**Exercise**
The lines to return are those from the line holding "Williams Retreat Unit 2" through the last line of the entries below, both included, written exactly and without pictures.

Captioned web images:
• • • • •

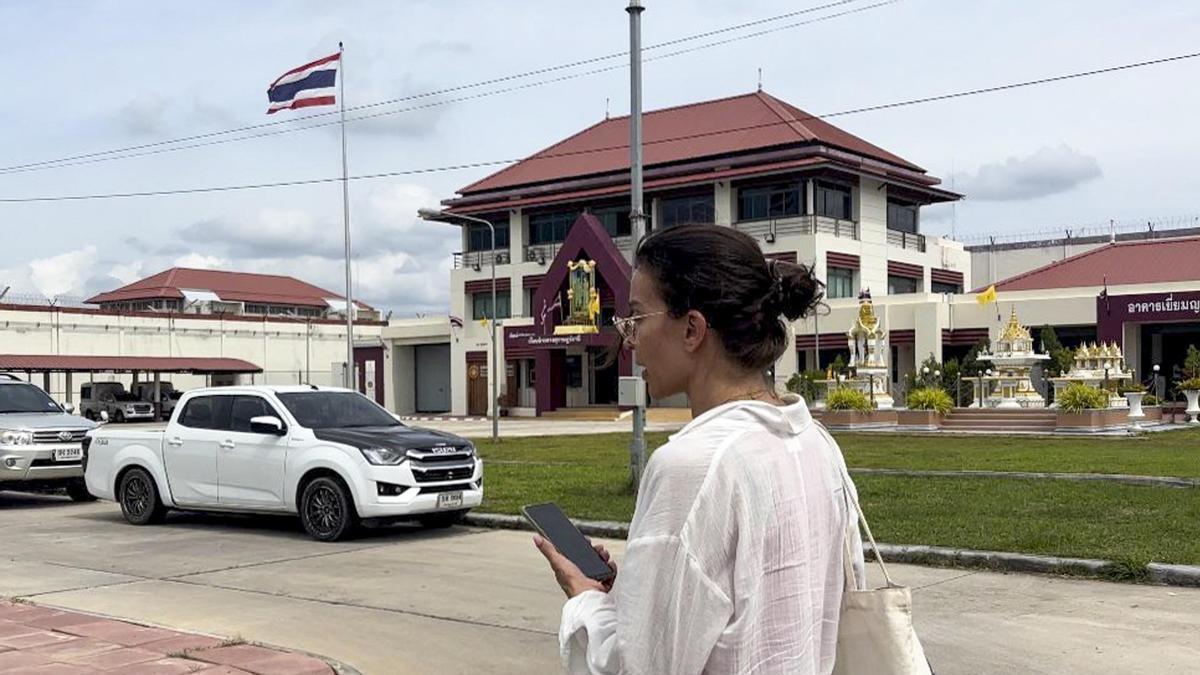 La madre de Daniel Sancho, Silvia Bronchalo, visita a su hijo en la cárcel tailandesa de Surat Thani.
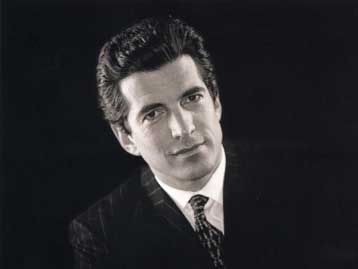 Το μνημόσυνο του Τζον Τζον Κένεντι αποδεικνύει ότι τα ΜΜΕ εύκολα ξεχνούν τα είδωλά τους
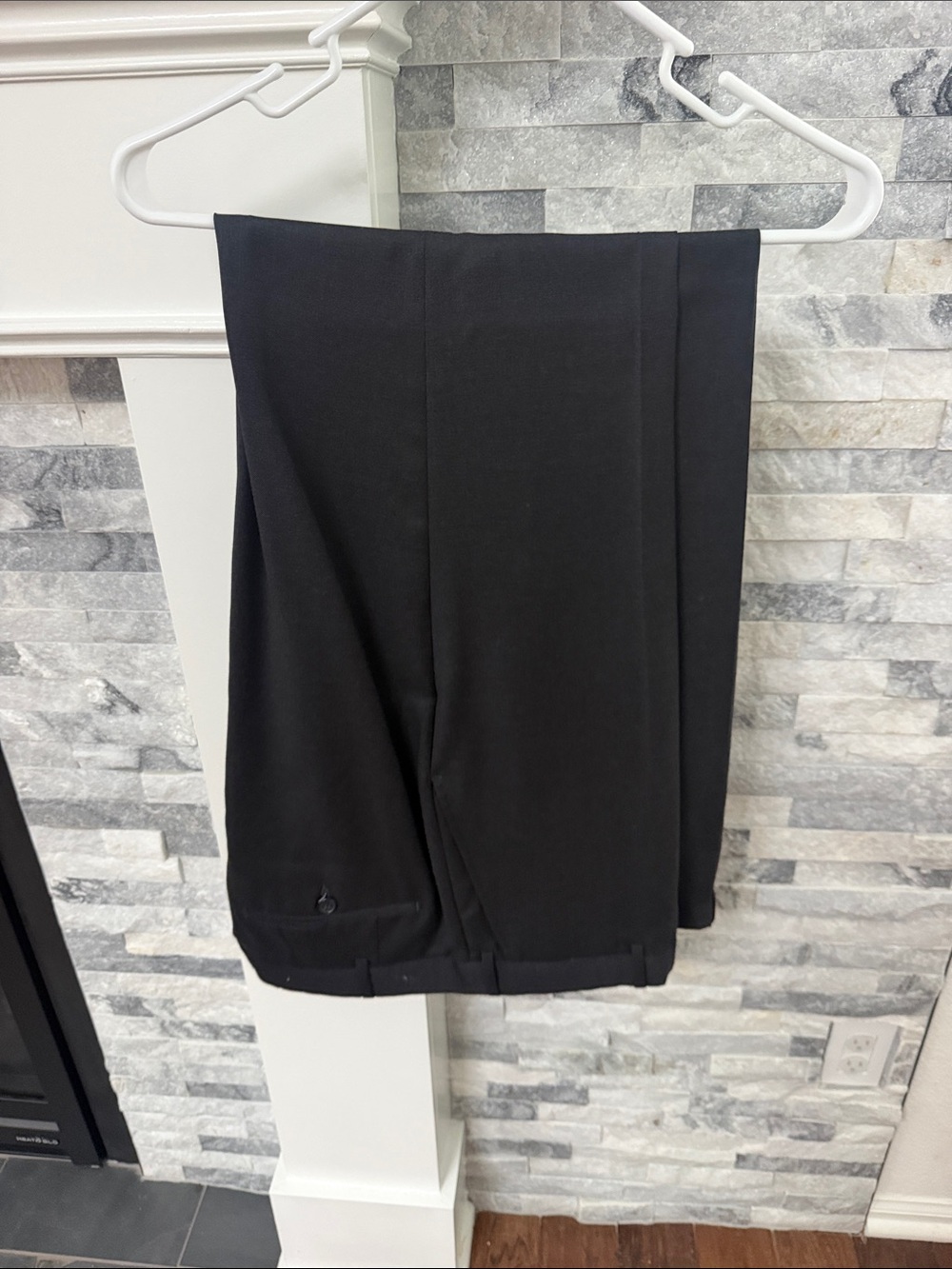 Santorelli Black Flat-Front Men’s Dress Shorts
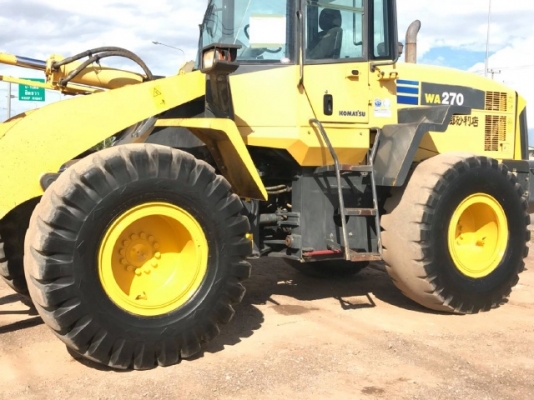 ขายรถตักล้อยาง KOMATSU WA270-5 รถนอกนำเข้าเองจากญี่ปุ่น สภาพสวยพร้อมใช้งาน มีVDOการทำงานครับ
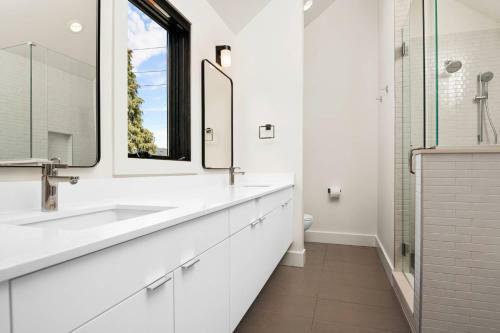 Williams Retreat Unit 2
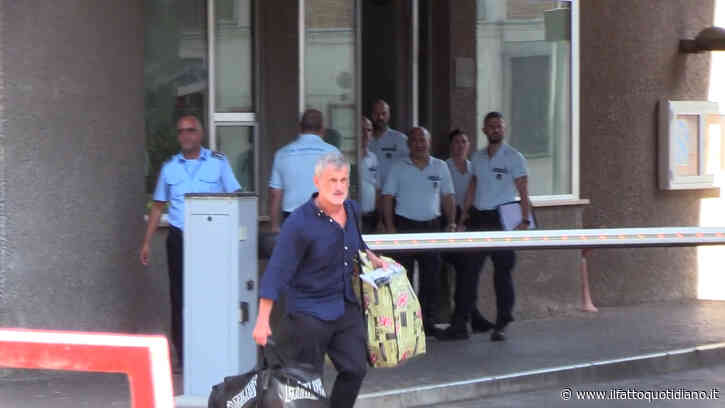 “Gianni, Gianni”: cori e striscioni per Alemanno fuori da Rebibbia. L’ex sindaco di Roma: “Realtà terribile, in carcere la Repubblica perde la faccia”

• • • • •

**Solution below**
 Williams Retreat Unit 2
 “Gianni, Gianni”: cori e striscioni per Alemanno fuori da Rebibbia. L’ex sindaco di Roma: “Realtà terribile, in carcere la Repubblica perde la faccia”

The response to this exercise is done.